Role-Specific Context Limits

React Developer:

  • Default load: core-principles.md only
  • Load state-management-guide.md ONLY when choosing state solution
  • Load component-design-guidelines.md ONLY when building complex component
  • SKIP: Backend patterns, API specs (unless integrating), database docs

Node Backend Developer:

  • Default load: core-principles.md only
  • Load framework comparison ONLY when choosing Express/Fastify/NestJS
  • Load database patterns ONLY when writing queries
  • SKIP: React patterns, frontend state management, CSS guides

Solution Architect:

  • Default load: core-principles.md + requirements
  • Load technology-stack-guide.md for stack decisions
  • Load deployment-strategies.md for hosting decisions
  • Load security-guidelines.md IF requirements mention sensitive data
  • SKIP: Implementation patterns (delegate to implementation agents)

API Developer:

  • Default load: core-principles.md only
  • Load api-implementation-patterns.md for specific API type (REST/GraphQL/tRPC section only)
  • SKIP: Frontend patterns, deployment strategies, database optimization

TypeScript Expert:

  • Default load: core-principles.md only
  • Load tsconfig reference ONLY when configuring TypeScript
  • Load advanced patterns ONLY when implementing complex types
  • SKIP: Framework-specific guides, deployment, testing (unless TS-specific)
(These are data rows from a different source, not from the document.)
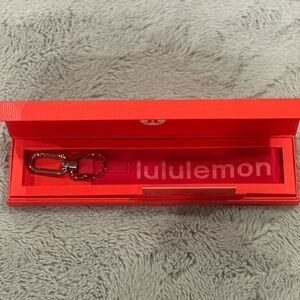 lululemon athletica 🔒 Pinnacle Members Exclusive ♥️ Red Never Lost Keychain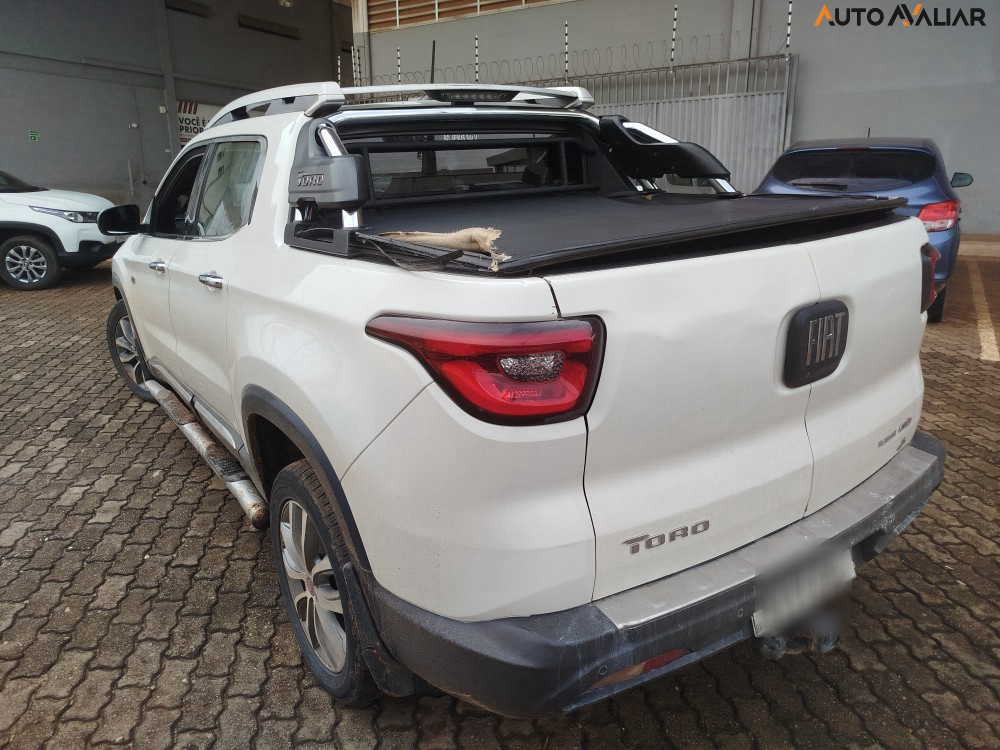 FIAT TORO 2.0 16V TURBO DIESEL RANCH 4WD AT9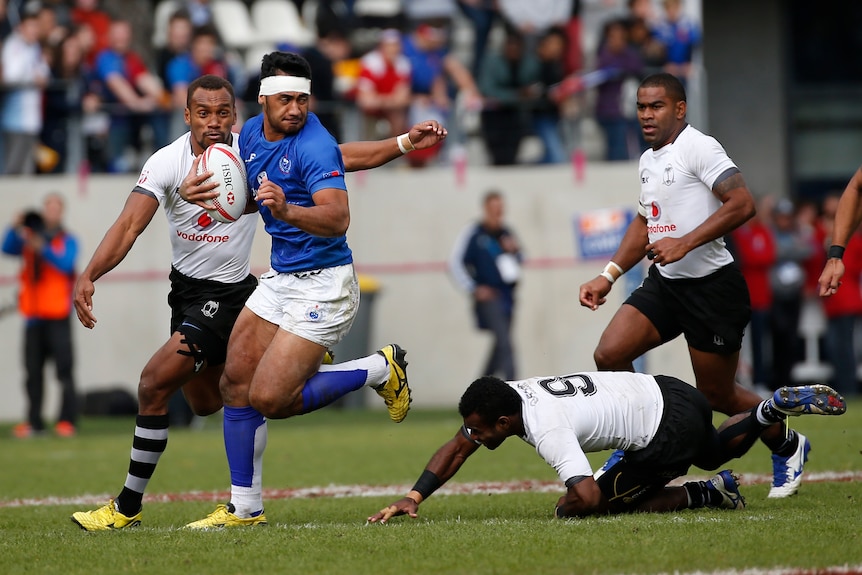Samoa's Alefosio Tapili runs with the ball during the Paris Sevens Cup final against Fiji.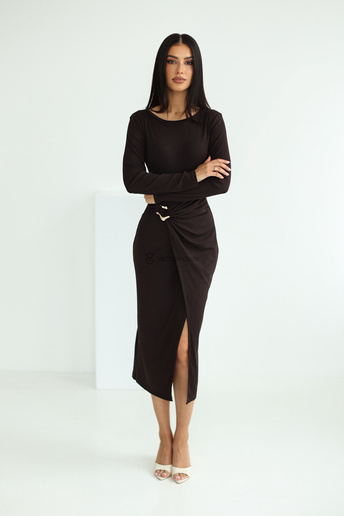 Prążkowana sukienka z klamrą Clare czekoladowa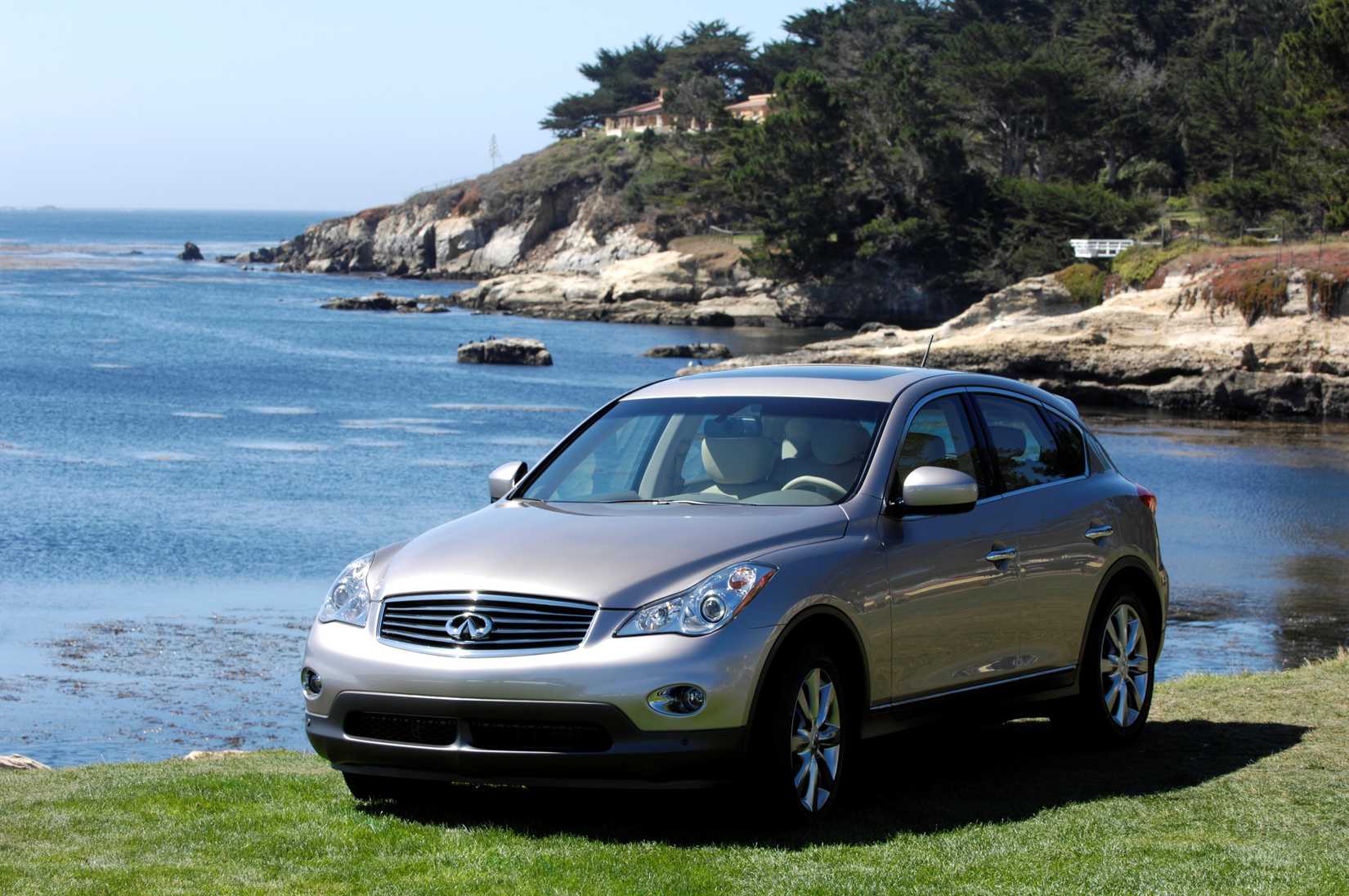 2012 Infiniti EX35 Pricing, Photos & Specs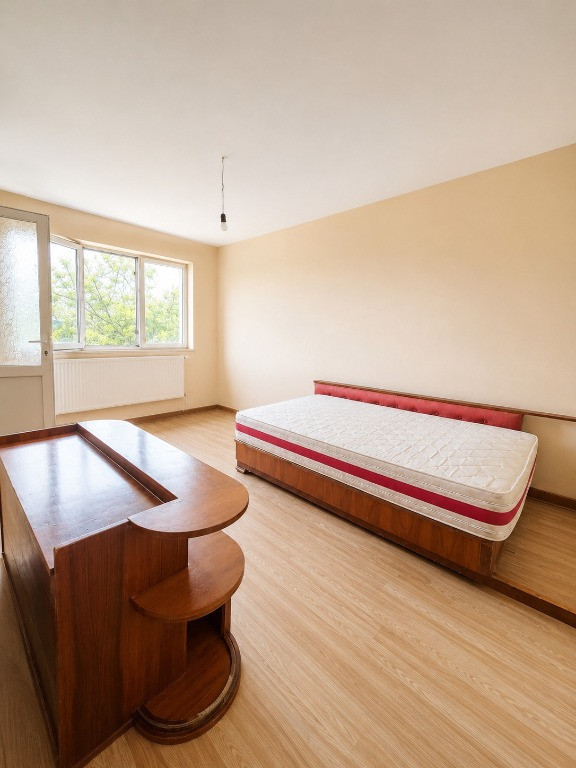Garsoniera Zona Apollo Etaj 4 renovata recent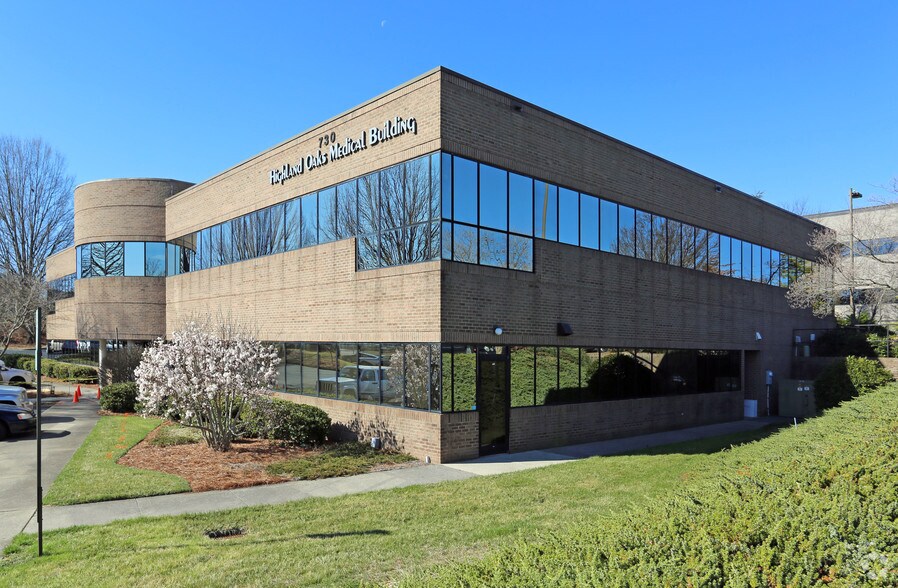730 Highland Oaks Dr, Winston-Salem, NC à vendre - Photo du bâtiment - Image 3 de 60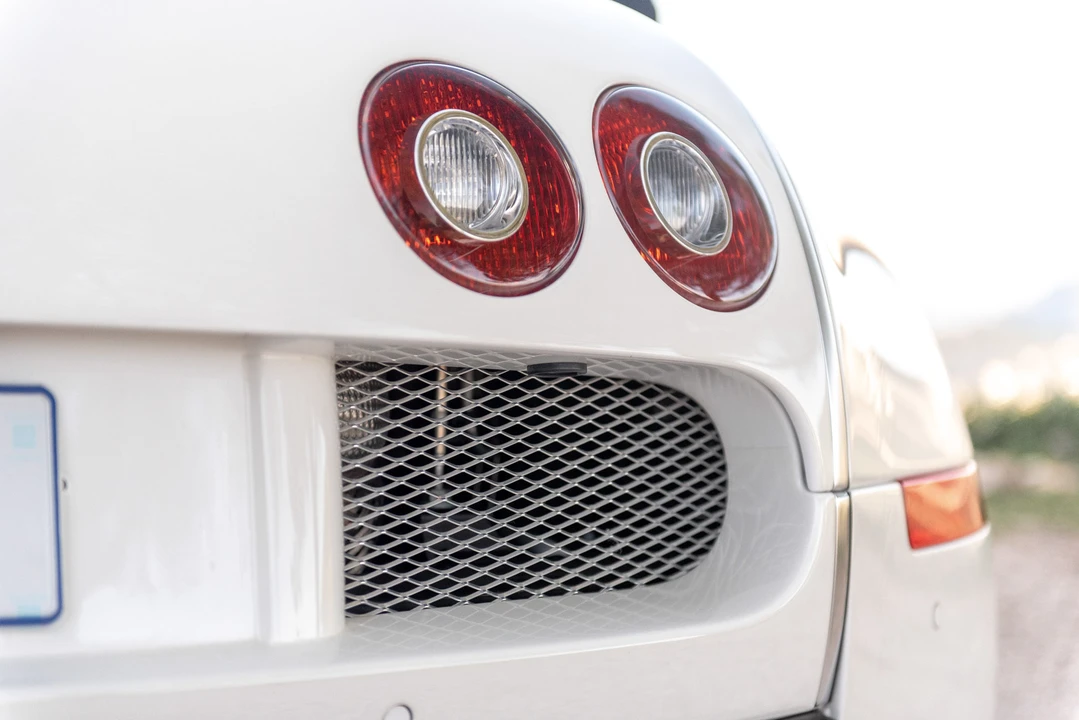 2012 Bugatti Veyron Grand Sport - Image 23 of 31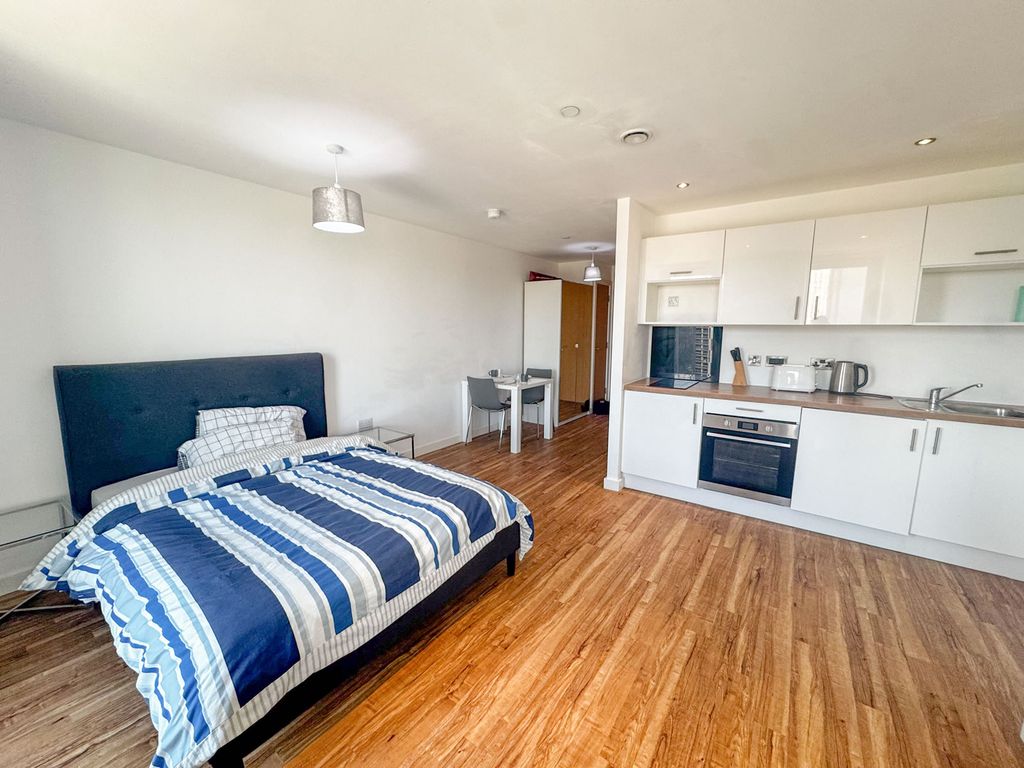 Property photo 3 of 12 Michgianpointtowera00001Img_5079_Edited.Jpg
Progressive Context Expansion

3-Stage Loading Pattern:

Stage 1 - Task Start (Minimal):

  • Role definition
  • Task requirements
  • Referenced artifacts only

Stage 2 - Decision Point (Targeted):

  • Load specific guide for current decision
  • Load ONLY relevant section (not entire file)
  • Example: Load "REST API" section from api-implementation-patterns.md, skip GraphQL/tRPC sections

Stage 3 - Implementation (On-Demand):

  • Load patterns as you encounter need
  • Load examples when unclear
  • Load checklists when validating

Anti-Patterns (What NOT to Do)

"Load Everything Just in Case"

  • Loading all data files at task start
  • "Might need it later" is NOT a valid reason

"Load Full File for One Detail"

  • Load specific section only
  • Reference file path for full details

"Load Before Decision Needed"

  • Don't load deployment guide during feature design
  • Don't load implementation patterns during architecture phase

"Load Other Agents' Context"

  • Backend developer doesn't need React state management
  • Frontend developer doesn't need database optimization

Validation Questions

Before loading any file, ask yourself:

  1. Am I making THIS specific decision RIGHT NOW?
  2. Is this my role's responsibility?
  3. Can this wait until implementation?
  4. Is this already in checkpoint/requirements?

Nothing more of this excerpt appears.